LOVESICK, moi aussi j’en suis malade…

… mais pas forcément dans le bon sens du terme.
À quoi sert cette nouvelle saison ? Je me le demande…  À finir en beauté ?
Alors quoi, ce serait ça la fin ? Un épilogue attendu, tout ce qu’il y a de plus gnan-gnan ? Non pas que la série soit des plus avant-gardiste et nous évoque l’amour comme une poète des temps modernes, mais honnêtement, n’a-t-on pas le droit d’en demander davantage ? À l’heure ou les relations hommes/femmes sont en potentiel pleine redistribution, où les genres fleurissent, où les sexualités se nuancent, méritait-on vraiment une conclusion aussi nauséeuse ?
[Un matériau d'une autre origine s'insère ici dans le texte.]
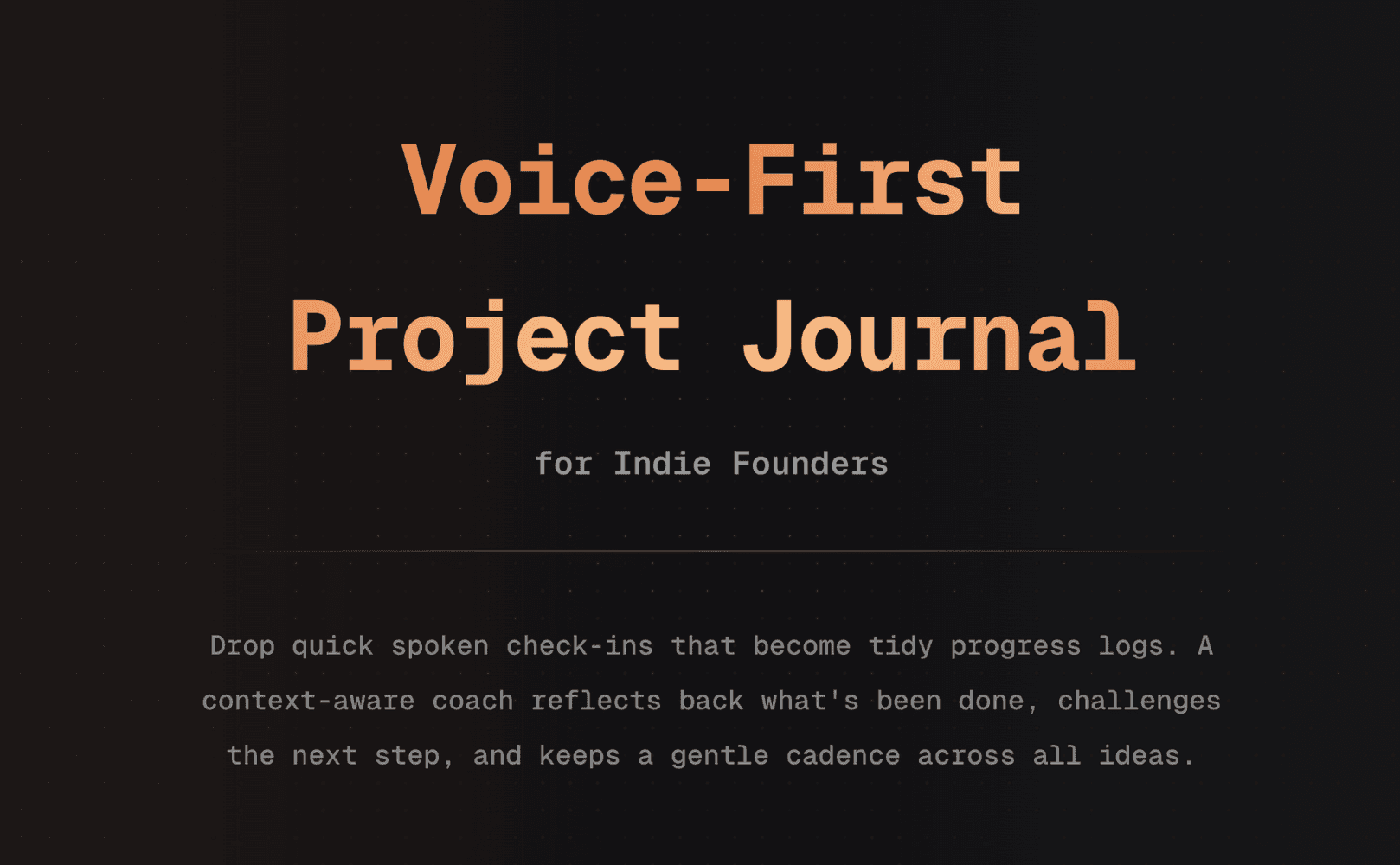 Signal Log - AI Project Journal SaaS preview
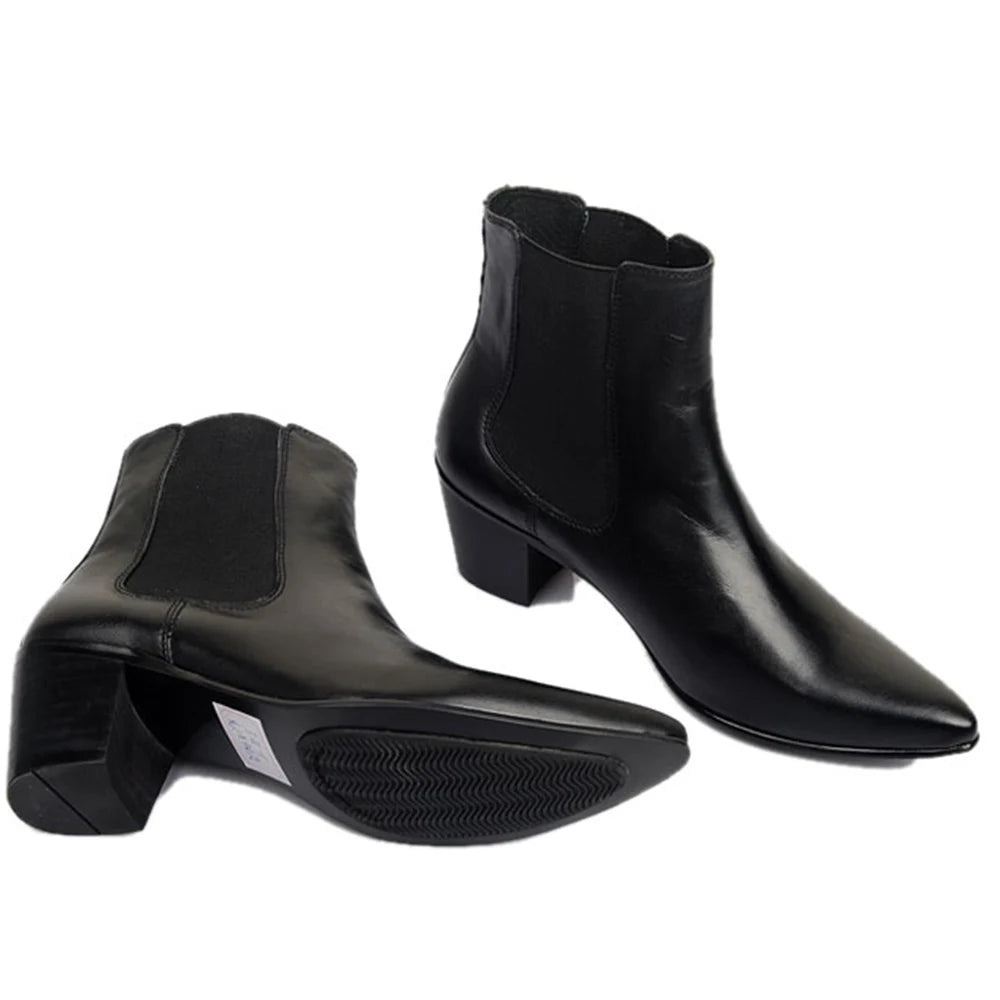 6CM high-heeled Men's Shoes Boots Korean Style Leather Boots Men High-top Fashion Business Short Boots Men Pointed Toe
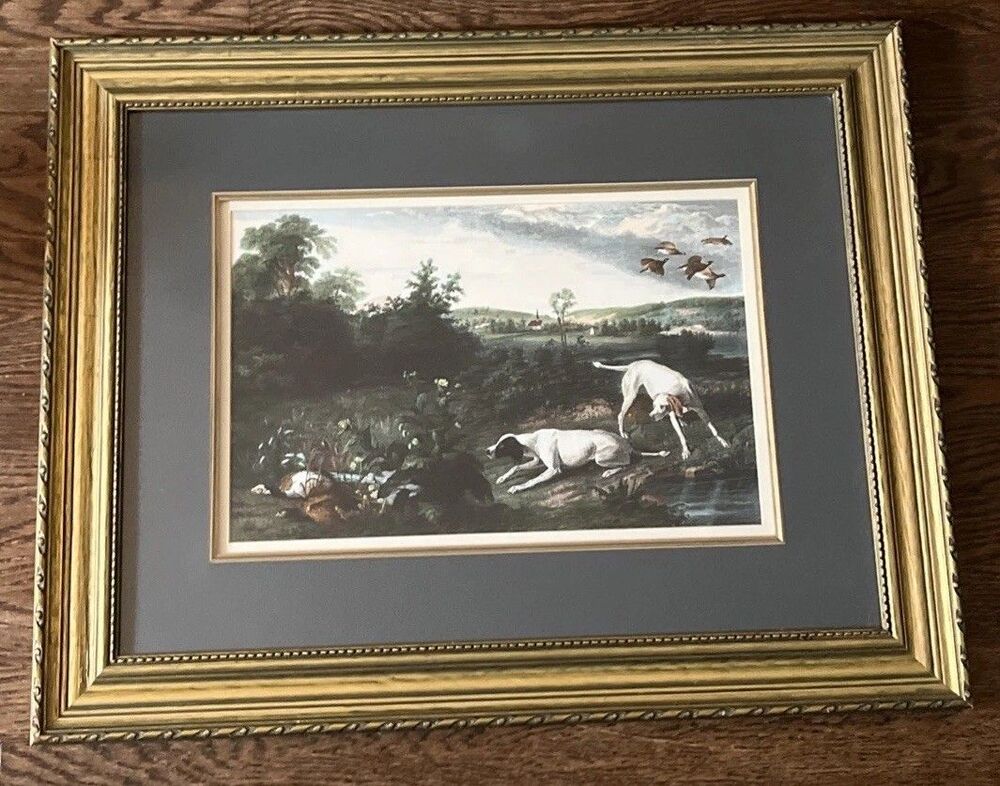 Francois Desportes 1661-1743 Folle at Mitte Dog Hunting Framed Engraving Large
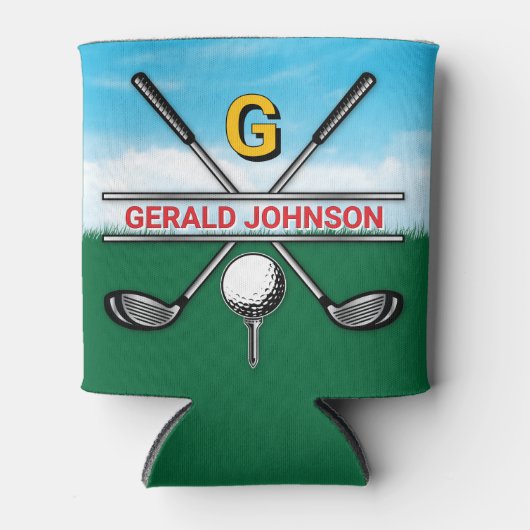 Elegant Golf Monogram Design Can Cooler 缶クーラー (正面)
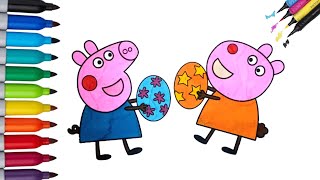 Coloring Pepa Pig Carrying Eggs | Wahyu Art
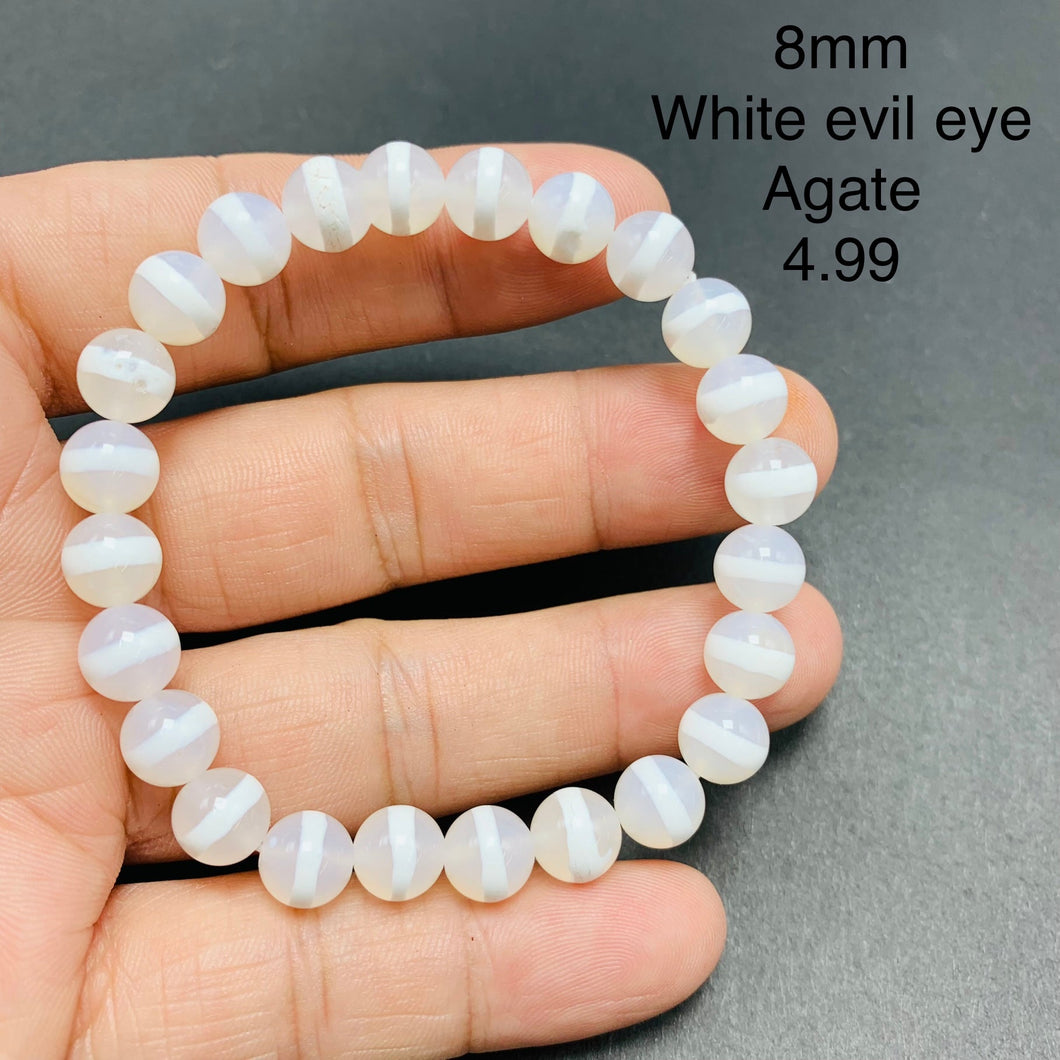 White evil eye Agate Bracelets TSB-075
Je ne veux pas spoiler la fin, ni le déroulé de cette saison, à chacun de se faire son opinion. Je trouve cependant que ce qui commençait sympathiquement est devenu hyper fleur-bleue en l’espace d’une saison. Moins drôle. Moins pertinent et pas étonnant pour un sou.
À mon sens, Lovesick ne mérite même pas une saison 4, et pourtant il lui en faudrait bien une pour se rattraper… Pour l’instant Netflix n’a pas annoncé la mise en production de la suite… ils doivent sûrement être en train de peser le pour et le contre.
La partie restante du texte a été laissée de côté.